May 8, 2015

This week’s ETW Document of the Week is from 40 years ago – the briefing papers prepared for President Ford in late April 1975 when he was asked to make the key decisions about his Administration’s proposals to save the freight railroad industry.

At an April 24, 1975 meeting with his senior advisers (including chief of staff Donald Rumsfeld) and his economic team (including luminaries like Alan Greenspan and Arthur Burns), Ford was briefed on the dire financial situation of the freight railroads and asked to make the final decisions about the form of the rail rescue package he would submit the following month in H. Doc. 94-155, which would eventually become the Railroad Revitalization and Regulatory Reform (4R) Act of 1976 (Public Law 94-210). The proposal sent by Ford to Congress the next month proposed deregulation of the freight railroad industry and a $2 billion loan guarantee program for freight railroads to finance rationalization and streamlining of routes and facilities (almost $8.75 billion in today’s dollars).

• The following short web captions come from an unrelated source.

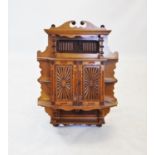 A late 19th century golden oak wall cabinet, the twin swan neck pediment above a panel centred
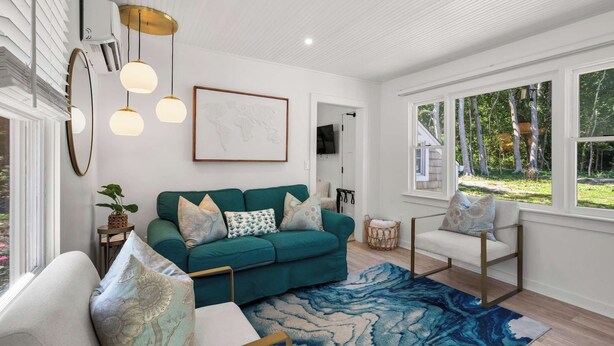 A modern living room with a teal sofa, patterned cushions, a blue and white rug, and a large window with a view of trees. - Adorable Updated Cottage, Walk to Water! (Yarmouth)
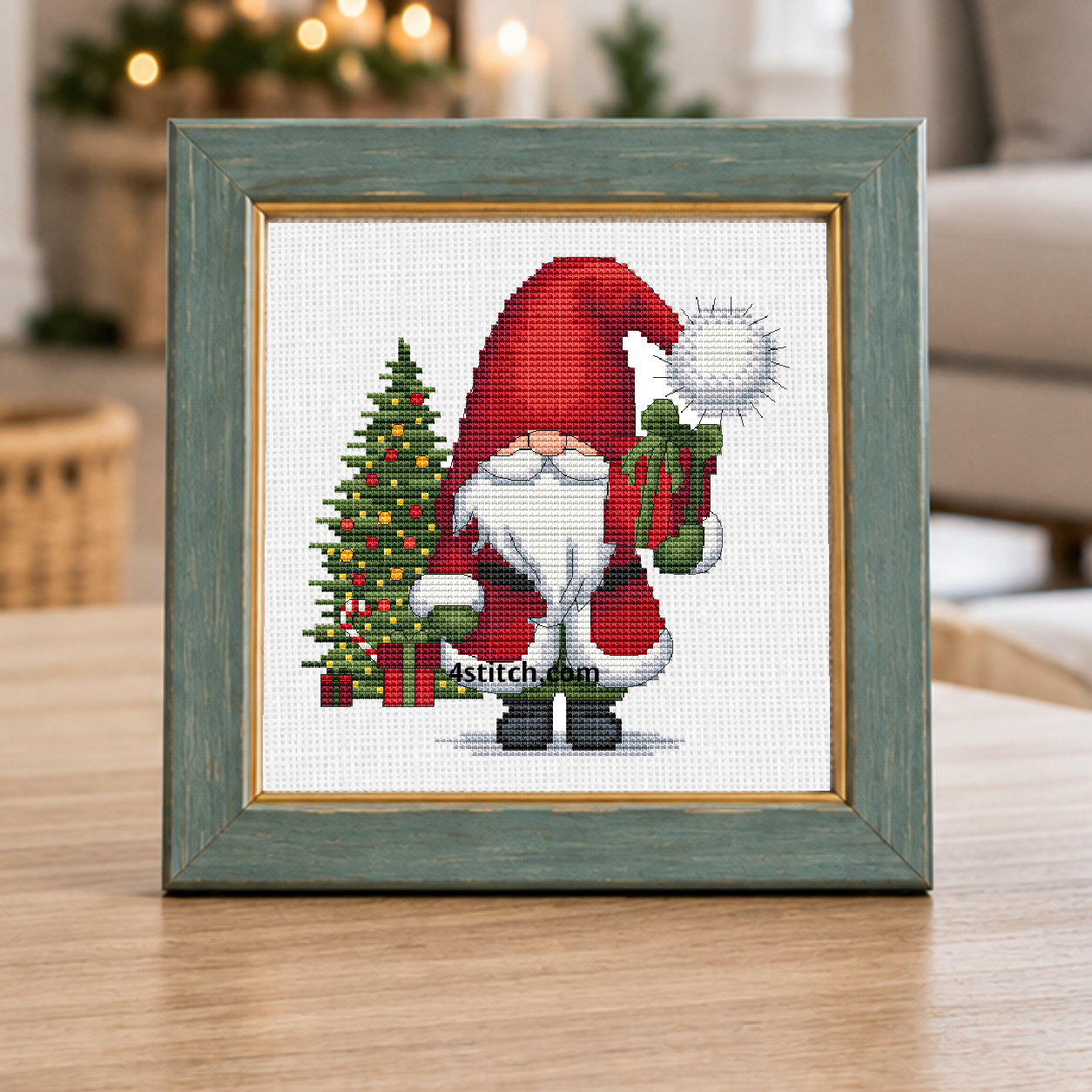Close-up of Christmas Tree Gift Gnome on white Aida in a muted teal frame on a bright festive living-room console.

The meeting is also as interesting for what Ford rejected – he did not approve a request from Transportation Secretary Coleman to propose a separate $1.25 billion grant program to improve freight railroad mainline routes (with an emphasis on those that carried coal). That program would have been worth about $5.5 billion today, and Secretary Coleman proposed to finance it by rescinding unobligated highway program contract authority.